Recuperar áreas degradadas é uma atividade cara, com valores que variam de R$ 15 mil a R$ 50 mil por hectare, dependendo da região, da tecnologia e da intensidade do trabalho de recuperação. Um hectare corresponde a mais ou menos um campo de futebol.
Além da demanda por sementes e mudas, a atividade exige um acompanhamento cuidadoso na fase inicial, em áreas com infraestrutura deficiente ou não-existente. Além disso, pesquisas de melhoria genética das espécies nativas ainda estão na infância em comparação com exóticas há muito exploradas comercialmente, como pinus e eucalipto.
E as primeiras receitas com a venda de créditos de carbono só vêm depois de anos, quando as primeiras árvores começam a ganhar tamanho. Esse foi um dos motivos que levaram o SFB a permitir exploração sustentável de madeiras como forma de viabilizar o negócio.
Além do potencial de fechar a conta dos empreendimentos, o manejo sustentável tem outra função importante: ajudar na contenção do desmatamento.
“O mercado [para a madeira nativa] existe. Se não for atendido por fontes de manejo sustentável, será por outras formas”, afirmou o diretor do SFB, Garo Batmanian, em um evento realizado em Brasília nesta quarta-feira, 9.
Madeireiros ilegais ampliaram sua área de atuação na Amazônia no ano passado, enquanto a de atividade legal caiu.
As condições permitidas para a exploração nas áreas licitadas são rígidas. Tipicamente, são dadas autorizações para a derrubada de algo como cinco árvores por hectare – a cada 30 anos.
Rosenberg descreve essa operação como “mais que sustentável, é cirúrgica”. A ideia é permitir uma atividade econômica mais atraente que a extração clandestina sem que haja alterações na paisagem.
Edital nº 1
Os detalhes de como o edital de Bom Futuro deve ser construído foram apresentados em julho. Se o cronograma for cumprido, os leilões começarão no primeiro trimestre de 2025.
O contrato está no fim do período de consulta pública, e as questões centrais têm sido o compartilhamento da responsabilidade de segurança e ajustes na projeção de carbono, segundo o diretor.

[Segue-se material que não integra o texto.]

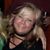 Stephanie Lorraine's profile image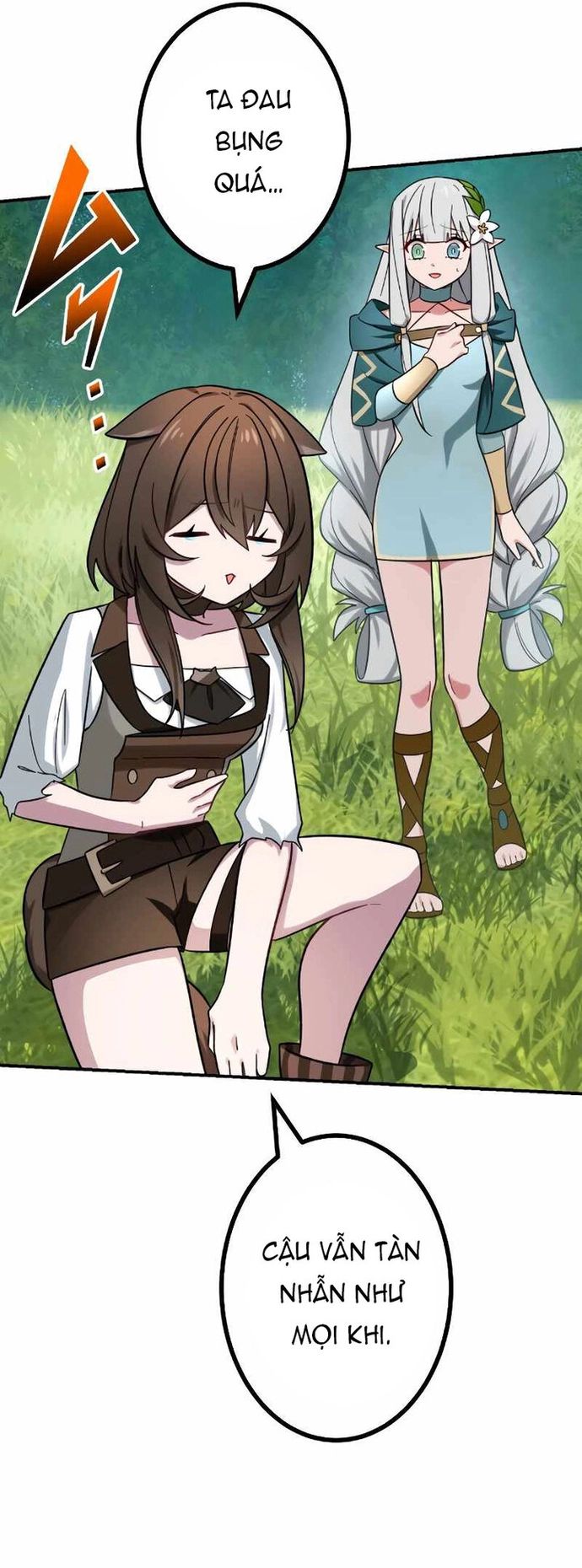 Chapter 75.1 trang 13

Além de pagar outorgas, os vencedores terão de arcar com uma inovação batizada de “encargos acessórios”. Parte da receita deverá ser direcionada para investimentos nas comunidades da região onde atuam, em projetos sob responsabilidade dos próprios concessionários.
As florestas nacionais concedidas têm conselhos consultivos, que envolvem representantes das comunidades locais, entidades da sociedade civil e governo. A ideia é que esses órgãos fiquem responsáveis pela definição das iniciativas.
Com reportagem de Sérgio Teixeira Jr.